The brief is well written (here it is), with two basic arguments. First – and the lead argument – is that Linda Mastro essentially loses the right to appeal by virtue of having left the jurisdiction and taken property that belongs to the estate. She can’t willfully refuse to obey the court, while at the same time, expect to receive relief from it. This is called the Fugitive Disentitlement Doctrine. See Wengin Sun v. Mukasey, 555 F.3d 802 (9th Cir. 2009). It appears this doctrine is usually applied in criminal cases, but Rigby cites authority that it has also been applied in civil cases.
The second part of Rigby’s brief is simply that there was sufficient evidence presented at trial to support the court’s judgment that the rings, gold, Rolls Royce, etc. was not Linda Mastro’s separate property, and thus is properly included in the bankruptcy estate.
Here’s what we think will happen: The District Court will apply the Fugitive Disentitlement Doctrine, and affirm the Bankruptcy Court’s judgment. By doing this, it will not need to address whether the facts at trial supported the judgment.

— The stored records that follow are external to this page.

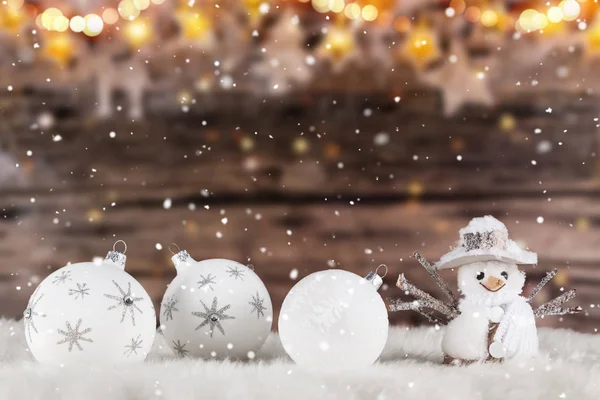 Decoração de natal em fundo de madeira — Fotografia de Stock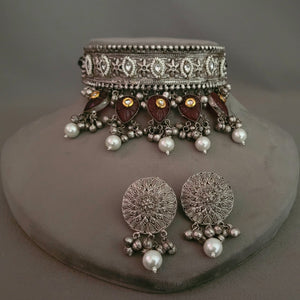 TRIBAL SILVER PLATED CHOKER WITH EARRINGS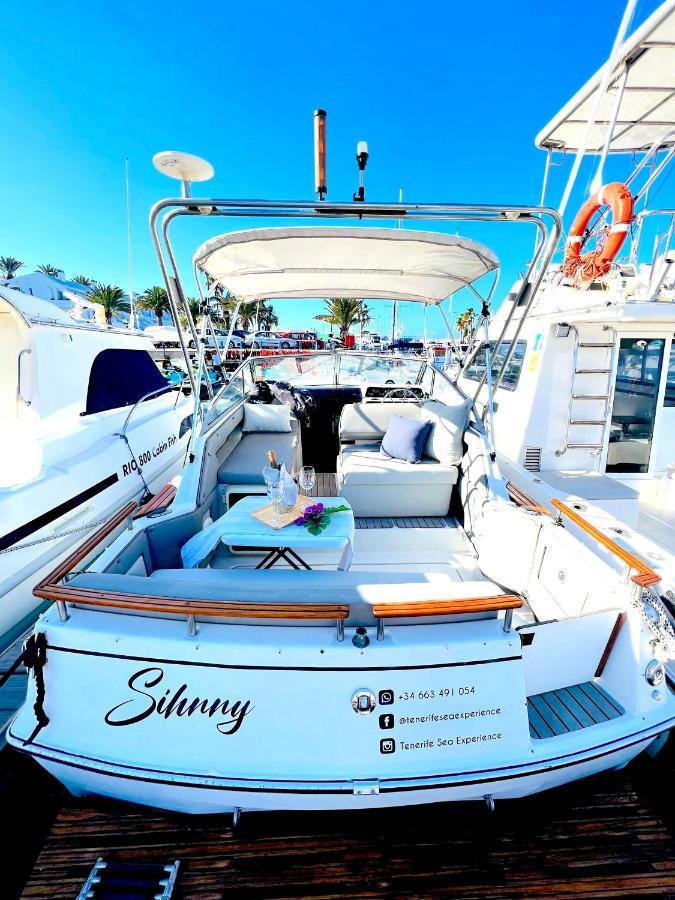 Barco Sihnny - Puerto Colon Hotel Costa Adeje  Eksteriør billede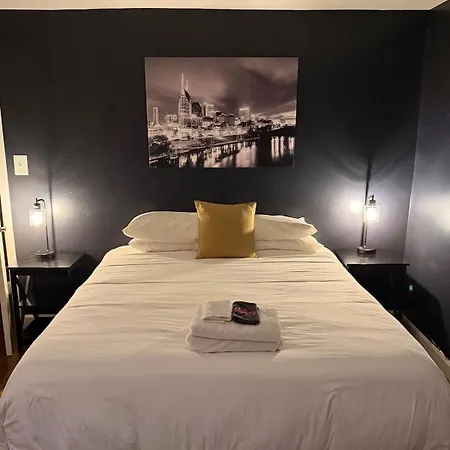The Lofts At 107 Aparthotel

If the Court gets to the issue of whether the facts support the judgment, we think Rigby is on shakier ground. While there is a lot of contradicted testimony by Linda Mastro on the jewelry, and indeed, her credibility is lacking, a gift is a gift (and from what we’ve seen, that’s what it was), so long as it was made when Mike Mastro was solvent. Do we really believe that Mike Mastro intended to keep an interest in jewelry he gave his wife? The evidence that Rigby cites is Mike Mastro’s having controlled the jewelry for awhile, but that seems weak to infer that he had an interest in it. It sounds more like a bailment, if anything.
We keep coming back to how Linda can appeal, yet also be on the lam. If Mike Gossler is unable to reach Linda does his ethical duty require that he file an appeal on her behalf to protect her interests? Or if she’s incommunicado, can he ethically represent her interests, without receiving her specific direction? Or is she in communication with Gossler, directing the appeal from afar? And is he getting paid? If so, with what money? Our experience opposing Mike Gossler in litigation has shown us he is good, professional and ethical. We assume whatever the facts, he’s doing what he should do under the circumstances.